International Printing Museum


If you were to ask someone “who invented printing?” there is a good chance they would answer, “Gutenberg, of course!” Although Gutenberg was the first person in Europe to invent the printing press and moveable metal type, printing predated him by several centuries. In fact, printing wasn’t invented in Europe at all– it started in Asia.

For Asian American Heritage month, we will be exploring the history of the book in Asia. We will dive into how papermaking, bookbinding, and printing varied between different regions and cultures. We’re starting in East Asia, with the country that first invented printing and paper: China!

     The invention of paper is attributed to an imperial official from the Han Dynasty named Ts’ai Lun, who purportedly came up with the idea in 105 A.D. In reality, the idea may have predated Ts’ai Lun, but his close relationship to the imperial court meant his name went down in history. Before paper, Chinese scribes would use pieces of bamboo or wood to write on, then later they began to use silk and cloth. All of these materials were difficult to write on and silk was too expensive for it to find widespread use. Paper was a huge improvement and proved to be a revolutionary invention. Chinese papermakers made pulp from readily available waste products, like rags and fishnets, as well as fresh plant fibers like bamboo and mulberry bark (called Kozo).

     The invention of paper led to a significant increase in books and literacy across China, but printing moved things a step further. Printing took a number of different forms in China. The oldest of these forms was woodblock printing, which began about 500 years after Ts’ai Lun’s lifetime. With this method, an entire page of text would be carved onto a block of wood, coated in ink, and pressed onto a sheet of paper. Around 1040 A.D., a Chinese artisan named Bi Sheng came up with the idea of using moveable wooden type that could be repurposed for many books, instead of carving one page at a time. Later inventors replicated this idea but instead used clay to shape their characters. A man named Wang Zhen is credited with improving on these forms of moveable type and creating a distinctive circular type case that spun so you could easily access different characters. However, these clay and wood characters had a number of imperfections that kept them from taking off in China to the same extent that moveable metal type spread in Europe. Additionally, the Chinese alphabet contains thousands of characters, much more than European alphabets. It was very time consuming to carve all of them and to sort through them when typesetting. So, despite the invention of moveable type, wood blocks remained the most popular form of printing in China.

     Before paper became widely available, Chinese texts were written on silk scrolls. However, scrolls were inconvenient in many ways– silk was expensive, delicate, and difficult to write on, plus the scrolls were cumbersome to store and time consuming to unroll. The invention of paper and printing marked a shift away from this. Written texts in China began to look more like our conventional idea of a book. Accordion books began to appear in China around the fifth century as more efficient alternatives to scrolls. These books were made of folded strips of paper that were tucked inside a paper cover.
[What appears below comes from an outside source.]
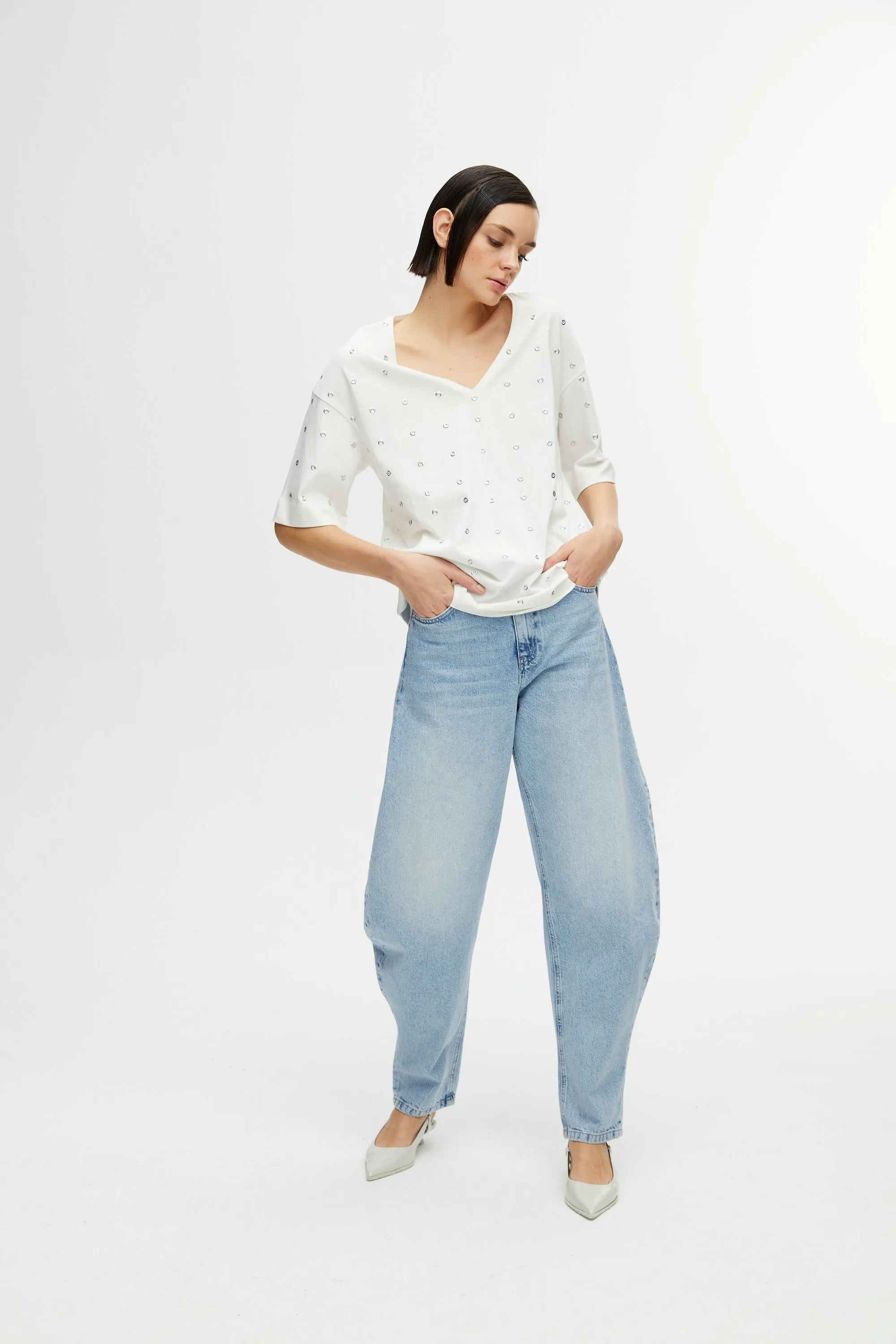 Metal Ring Embroidered T-Shirt (Final Sale)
     China was at the forefront of printing, papermaking, and bookbinding long before Gutenberg was born. A Buddhist text called the Diamond Sutra, which was made using all the methods described here, in 868 A.D. during the Tang Dynasty, is believed to be the oldest printed book in the world. China used their technological advances to spread literacy while only a privileged few had access to handwritten manuscripts in the West.

Now we’re shifting our focus from China to the neighboring country of Japan. We will explore how Japan used existing ideas in China to come up with their own methods of book production.

Since China and Japan are neighbors, Japanese artisans adopted quite a few ideas from the Chinese when it came to producing books. They borrowed their methods of papermaking and woodblock printing. Like the Chinese, the Japanese also used silk scrolls to write down important texts and then began to make accordion style books once they had access to paper.

The Chinese method of making paper was introduced to Japan in the 7th century by the Korean Buddhist monk, Doncho. Japanese papermakers thought Chinese paper was too delicate, so they modified the process to make their own paper stronger and more flexible. Japanese paper is called Washi and it is made using a very traditional process. Papermakers were typically farmers, first and foremost. They would grow plants for paper alongside their other crops and use the fibers to create pulp. These fibers included hemp, tree bark (specifically kozo, gampi, and mitsumata), and a substance called neri, that was added to pulp to help papermakers pull more even sheets. Making washi was a seasonal activity that took place in rural areas. In the winter, when it was too cold for farmers to work in their fields, they would pull sheets of paper using icy water to ensure their washi was free of impurities.

Between the 12th to 14th century, Japan began to come up with their own styles of bookbinding. The oldest book structure they used was a multi-section binding that looked very similar to the sewn signatures in Western style books. The most recognizable book form was a four-hole binding that many binders nowadays refer to as a Japanese stab stitch. Bookbinders would fold their pages in half, text side out, and sew through holes the paper cover to join the pages together. Folding pages in half so they were blank on the inside was a practical choice. The ink that was used for printing and calligraphy bled through thin washi paper, so it made sense to create book pages with a double leaf.

Printed books had a limited scope in Japan until the 1600s. There were printed Buddhist texts for religious purposes and calligraphic manuscripts for the elite, but the processes for producing these books were so labor intensive and expensive that printed books did not spread very quickly. This changed during the Edo Period, when the stability of shogunate leadership led to an increase in paper production. During this time, books were printed on every subject imaginable and literacy began to spread. The biggest change came in the 1800s when Western technology was introduced to Japan, kickstarting an industrial revolution. Printing presses, thick machine-made paper, and metal type begin to permeate the field of book production.

Although industrialization changed the field of printing, bookbinding, and papermaking in Japan, it did not erase any of the country’s traditional practices. Japanese woodblock printing and bookbinding are still art forms that are practiced today. The craft of producing traditional washi is even registered as a form of intangible cultural heritage under UNESCO.